Un témoignage simple et puissant, antidote calme et efficace à tous les lendemains de scrutins inquiétants. Nadia Al Soleman intervenait ce lundi matin 1er juillet devant les participants de la Convention de l’Université en Transition, réunis à Rennes pour leur deuxième session.
Cette jeune femme syrienne est aujourd’hui présidente de l’association Singa Nantes et directrice de l’AREA (Association pour la réussite des élèves allophones). Professeur de Français Langue Étrangère (FLE) dans son pays depuis dix ans, elle a fui la dictature de Bachar el Assad qui avait emprisonné et torturé son mari. Avec leur fille de 5 ans, ils sont arrivés en France après une errance de 3 ans, en juin 2015. Il faut l’écouter, Nadia, lorsqu’elle nous raconte son parcours dans un français impeccable : « Je suis arrivée en France, qui était ma passion, avec laquelle j’ai vécu un conte féérique, sur l’air de « il était une fois le pays des libertés… ». Je voulais créer des liens, m’investir localement, partager mes compétences. Mais nous étions des invisibles ».

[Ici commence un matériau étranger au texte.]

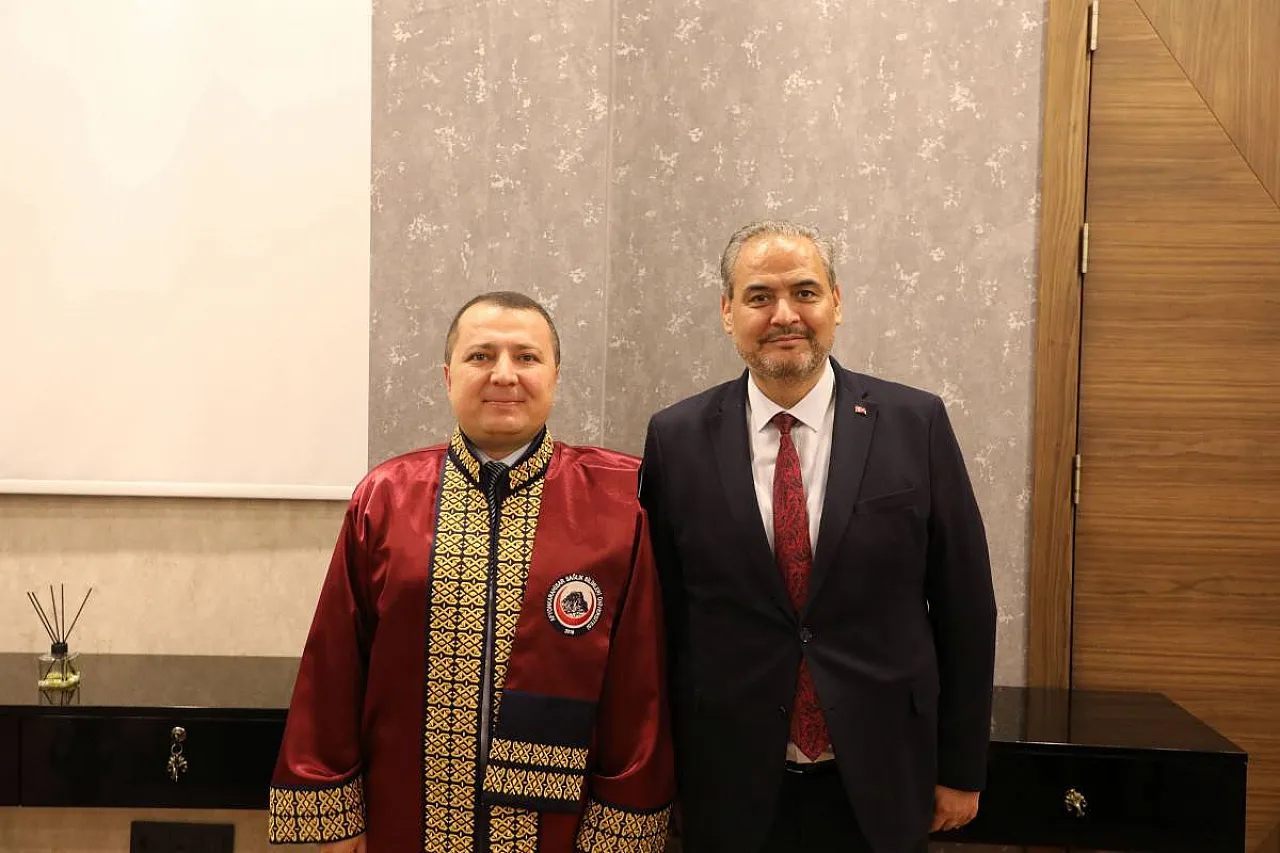 AFSÜ'de Yeni Kadrolara Atanan 11 Akademisyen Cübbe Giydi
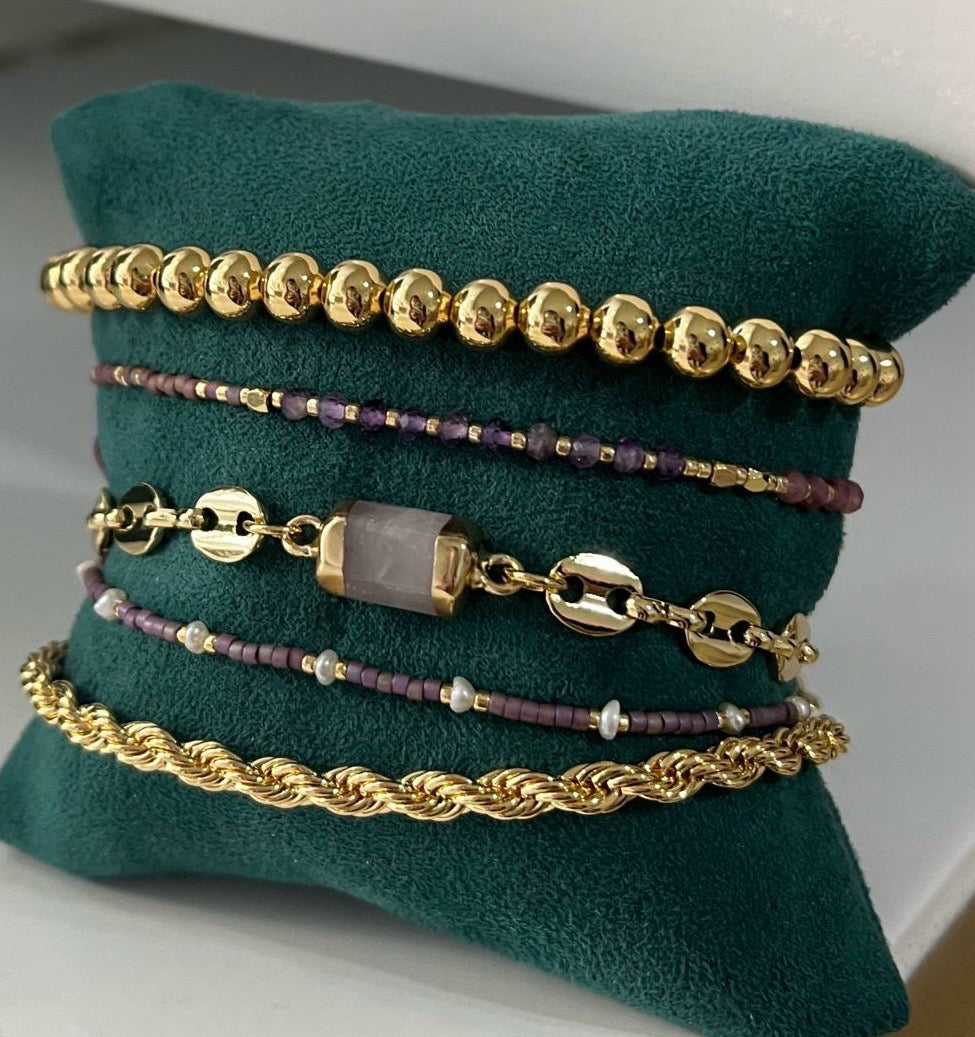 Pulsera morada miyuki con perlas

« On me demande ce que j’étais avant. Mais je n’étais pas, je suis professeur de Français, je n’ai pas abandonné mes compétences en quittant mon pays « .
Nadia Al Soleman
Elle remarque que l’administration française lui demande systématiquement ce qu’« elle était », avant. « Mais je n’étais pas, je suis professeur de Français, je n’ai pas abandonné mes compétences en quittant mon pays », souligne-t-elle avec force. Son message : considérer l’exilé comme une personne humaine, riche de ses savoirs, et non comme un fardeau vaguement menaçant. Et de rappeler cette vérité souvent occultée : 70% des exilés sont des femmes et des enfants.
À l’heure où plus de 10 millions de nos concitoyens ont voté pour des candidats affichant clairement leur volonté de rompre avec la tradition républicaine de l’accueil et du droit du sol, il est bon d’entendre cette voix de femme, cultivée, généreuse et engagée. Elle prouve que « l’innovation sociale et économique se nourrit des migrations et de la création de liens », selon la raison d’être de l’association Singa, créée en 2012. Un message plus que jamais d’actualité.